In the 11 years that have passed, there have been just two minor diversions. At 14, I fancied myself as an equine dentist; two years previously I’d tested my parents’ nerve touting a career as a coroner about family parties. But as I’m nearing the completion of my very useful English degree, reading and writing it seems to be.

And so, I was advised to trot to the careers office. After ringing a doorbell – no doubt the bane of the receptionist’s life – you’re transported to a place where pamphlets come to die. The walls are lined with them: “How to write hyperbolic third-person babble about Year 10 work experience” (how to improve your CV); “Five easy steps to corporate demise” (how to start your own business); and, my favourite, “How to talk the hind legs off a donkey without becoming blue in the face” (you too can succeed in the world of law).

I’d printed my CV and sharpened my tongue for the psychological survey I assumed would follow, yet my demise would be met at the hands of bullet-pointed booklets, reminiscent of year nine ICT. In the 15 minutes I spent there being early, I was almost inspired to write my own pamphlet: “How to escape the careers office alive”.

On reflection, most of the experience bore some resemblance to the NHS: from the pamphlets – here, most appropriately not about Chlamydia – to the dutiful calling of my name, as if I was waiting for a blood test.

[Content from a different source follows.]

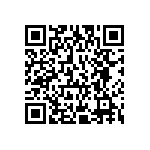 SIT1602BI-82-18S-35-840000T QRCode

My meeting was with Jane: “How can I help you today?” “I’d like to find a graduate job please”.

So now, an inch of the burden has been lifted onto someone else’s shoulders. They say a problem shared is a problem halved; works well for two hours. After this point, the residual panic sets in again.

But if you don’t need sectioning for over-ambition, then do go to your careers office. Even if you’re not a final year – especially if you’re not a final year – get in there early. Be the smug(ish) one that can make jokes about pamphlets when your careers appointment just cements what you’ve thought the whole time.

If you’re a fresher, go now. Book an appointment – it won’t be too early in the morning; my office doesn’t even open until 10. Go and be psychoanalysed; it’s free. Were I not so strange, Jane would have been very helpful. She said all the right things and didn’t even make me cry.

By graduation, you’ll be glad you and your Jane had that chat. Instead of panicking, book an appointment. And if she lets you down, at least you can enjoy the pamphlets. There really is one for everyone.